While playing a game of billiards, your 0.50 kg cue ball, travelling at 1.9 m/s, glances off a stationary 0.30 kg billiard ball so that the billiard ball moves off at 1.3 m/s at an angle of 32º clockwise from the cue ball’s original path. What is the final speed of the cue ball?
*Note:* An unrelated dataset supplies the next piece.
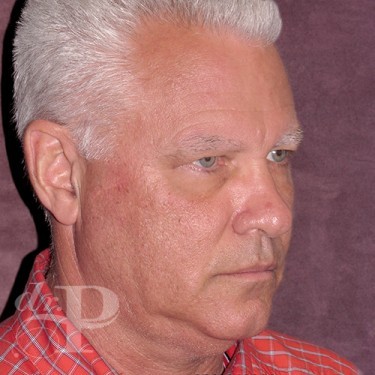 Case--28602 | Before Eyelid Lift for Men 4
my bad i messed up the real answer i got is v= 1.3 m/s
i got .41 m/s
To solve this problem, we can apply the law of conservation of momentum. According to this law, the total momentum before the collision should be equal to the total momentum after the collision.
We can start by calculating the momentum of the cue ball before the collision. Momentum (p) is given by the equation:
p = mass × velocity
Given that the mass of the cue ball (m1) is 0.50 kg and its velocity (v1) is 1.9 m/s, we can calculate its momentum:
p1 = m1 × v1
= 0.50 kg × 1.9 m/s
= 0.95 kg·m/s
Next, we can calculate the momentum of the billiard ball after the collision. We know that it moves off at a velocity of 1.3 m/s at an angle of 32º clockwise from the cue ball's original path. We can break down this velocity into horizontal and vertical components.
The horizontal component of the billiard ball's velocity (v2x) can be found using trigonometry:
v2x = v2 × cos(angle)
= 1.3 m/s × cos(32º)
≈ 1.10 m/s
The vertical component of the billiard ball's velocity (v2y) can also be found using trigonometry:
v2y = v2 × sin(angle)
= 1.3 m/s × sin(32º)
≈ 0.69 m/s
Now, we can calculate the momentum of the billiard ball after the collision:
p2 = mass × velocity
= m2 × (v2x + v2y)
Given that the mass of the billiard ball (m2) is 0.30 kg, we can substitute the values and calculate its momentum.
p2 = 0.30 kg × (1.10 m/s + 0.69 m/s)
≈ 0.57 kg·m/s
According to the conservation of momentum, the total momentum before the collision (p1) should be equal to the total momentum after the collision (p2).
p1 = p2
0.95 kg·m/s = 0.57 kg·m/s
To find the final speed of the cue ball, we need to calculate its final velocity (v1f). We can rearrange the momentum equation to solve for v1f:
p1 = m1 × v1f
Dividing both sides of the equation by m1:
v1f = p1 / m1
= 0.95 kg·m/s / 0.50 kg
= 1.9 m/s
Therefore, the final speed of the cue ball is 1.9 m/s.